During a review of Hospital 1's record "Patient 21's Case Summary" (PCS), dated 4/11/2023, the "PCS" indicated, "22:36 (10:36 p.m.) Hospital 2's [Transfer Center Staff 2] called from [Hospital 2]; states (sic) that she cannot accept transfer due to on call Urologist (is a medical doctor specializing in conditions that affect the urinary tract) dr [Physician 1] not accepting urology patient from [Hospital 1]; asked if that is [Hospital 1] specifically and [Transfer Center staff 2] states that it is [Hospital 1] specifically and that it is written into their workflow. At 22:50 PM (10:50 p.m.): spoke to TCS 3 in the transfer center, asked for clarification as to why they don't accept patients from [Hospital 1], states that [Physician] is on call from 04/10-40/16 (sic) and it is written that they are not to accept patients from [Hospital 1] or [Hospital 3]. When asked for clarity as to why they are unsure. . . Placed on hold and when back on the line states he spoke with his manager and states that theyre (sic) now denying because they don't have the services."

During a review of Hospital 2's document titled, "Facility Communication" (FC), dated 4/10/2023, at 22:34 (10:34 a.m.), the "FC" indicated, "[Physician 1] is on from 4/10-4/16 Per workflow: [Physician 1] will not accept transfer from [Hospital 1] or [Hospital 3] with the exception of insurance transfers. When [Physician 1] is on call, please decline urology cases from [Hospital 1] and all [Hospital 3] facilities for services not available. No need to escalate these declines." At 22:34 (10:34 p.m.), "Informed [TCS 1 that per workflow, we are not accepting HLOC (higher level of care) [Hospital 1] Transfers when [Physician 1] is on."

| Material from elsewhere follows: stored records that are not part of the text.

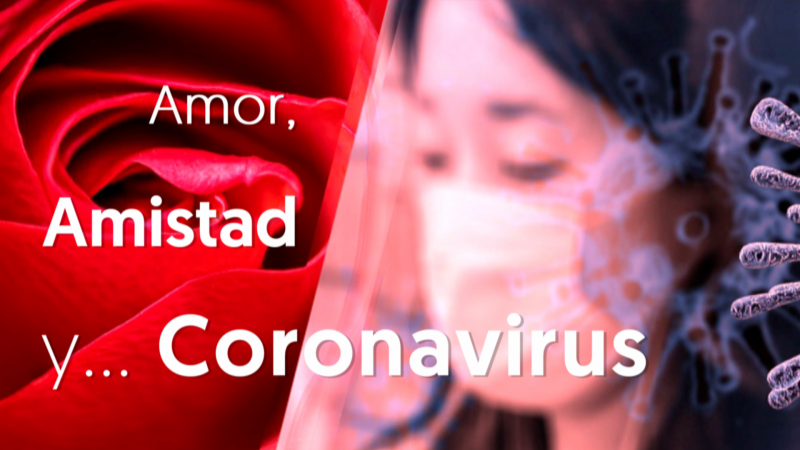 Ramos de flores por San Valentín contra el coronavirus en Filipinas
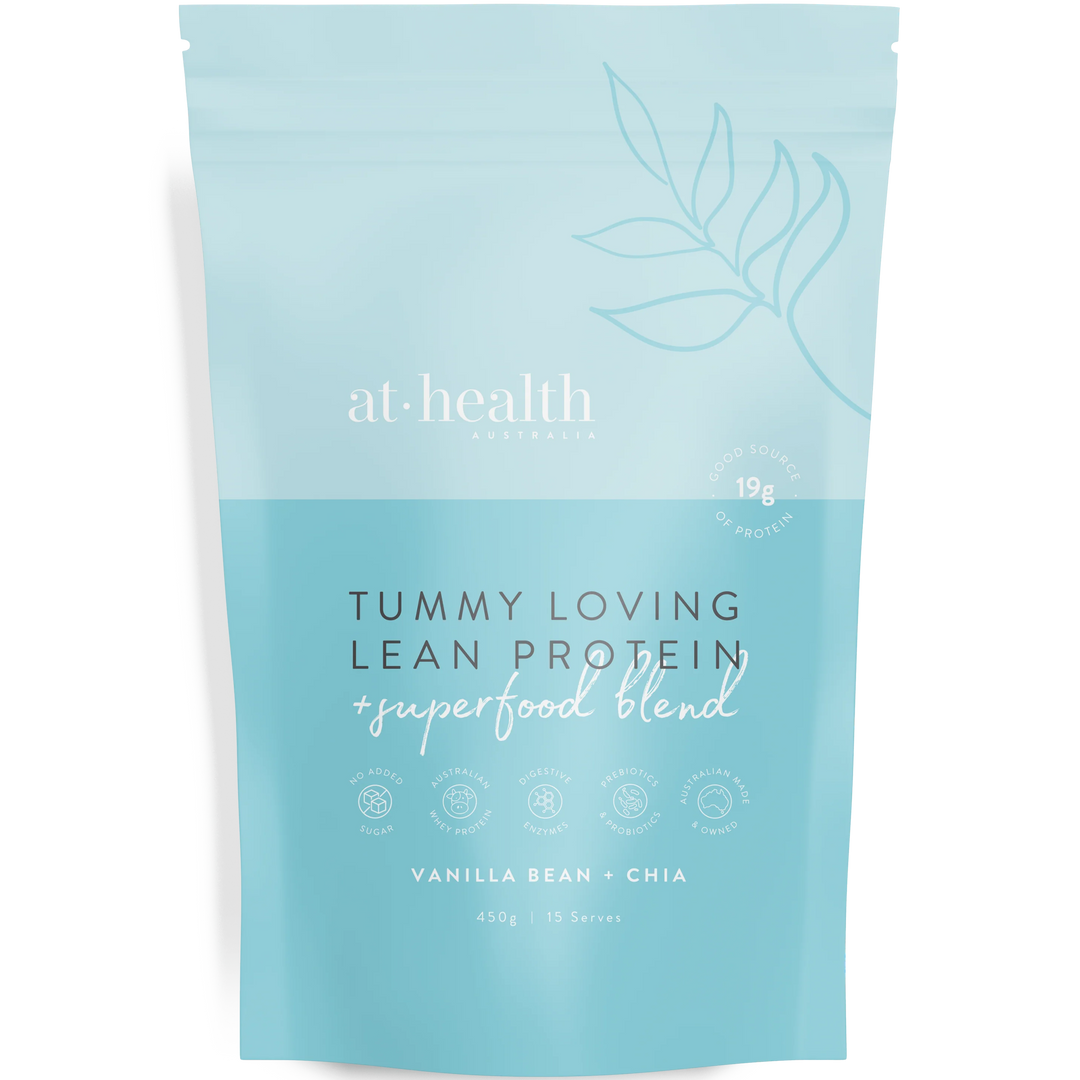 At Health Vanilla Bean + Chia Protein 450g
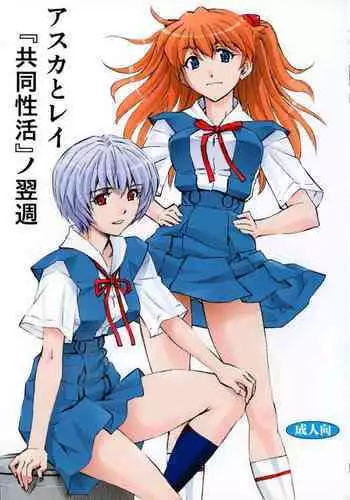 (C86) [Studio Wallaby (Kura Oh)] Asuka to Rei -Kyoudou Seikatsu- no Yokushuu (Neon Genesis Evangelion) [English] [Tigoris Translates]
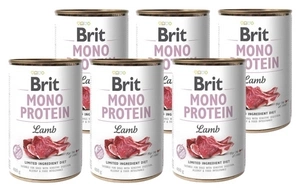 Brit Mono Protein Lamm 6X400g -2% RABATT AUF DAS SET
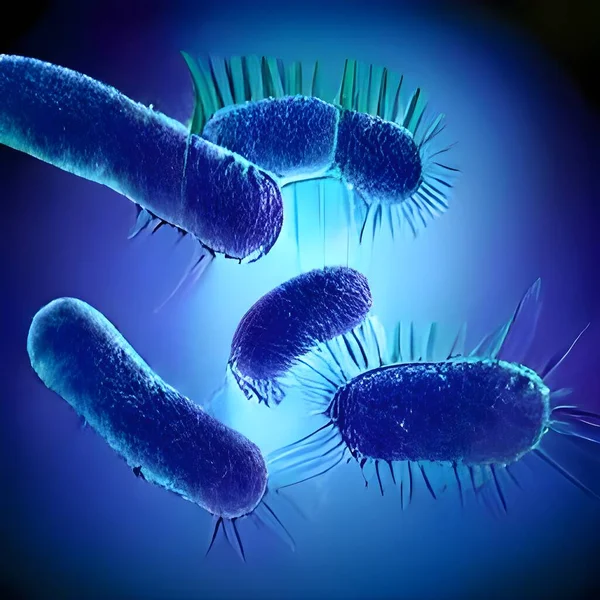Biofilm Antibiotic Resistant Bacteria Closeup View — Stockfoto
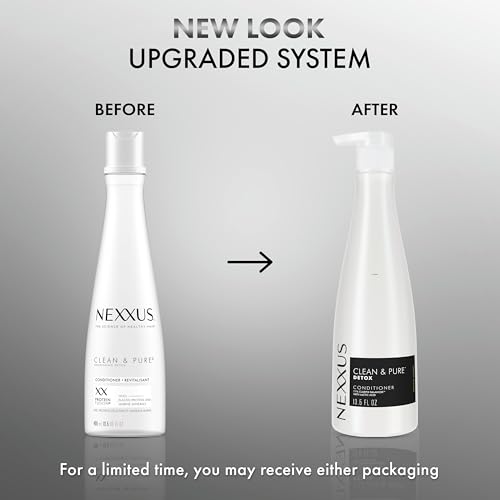 Nexxus Clean and Pure Conditioner With ProteinFusion, Nourished Hair Care, Silicone, Dye, and Paraben Free 13.5 oz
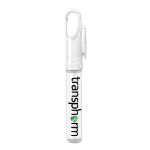 Antibacterial Custom Hand Sanitizer CleanZ Pen in White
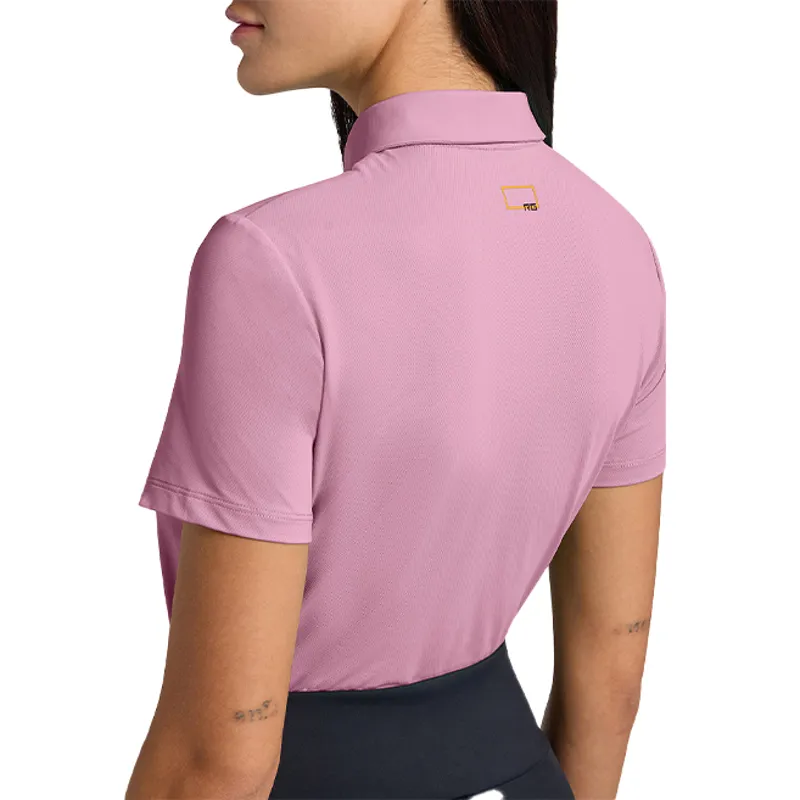 Riders Gene Jersey Ladies Zip Training Polo Shirt - Mauve Orchid-2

During a review of Hospital 2's document titled "Workflow" undated, the "Workflow" indicated, "Urology. . . When [Physician 1] is on call, contact him to determine if transfer is appropriate prior to contacting the hospitalist. [Physician 1] will not accept transfer from [Hospital 1] or any [Hospital 3] facilities When [Physician 1] is on call, please decline urology cases from [Hospital 1] and all [Hospital 3] facilities for services not available. No need to escalate these declines."

During a review of the facility policy and procedure (P&P) titled "Emergency Medical Care/Medical Treatment and Labor Act (EMTALA) Corporate Policy," dated 9/25/2018, the P&P indicated," It is also the policy of [health facility] to accept emergency transfers from other facilities if the individual being transferred requires Special Capabilities that are not offered or not immediately available at the transferring hospital provided that the [health facility] hospital has the Capacity and Capability to treat the individual."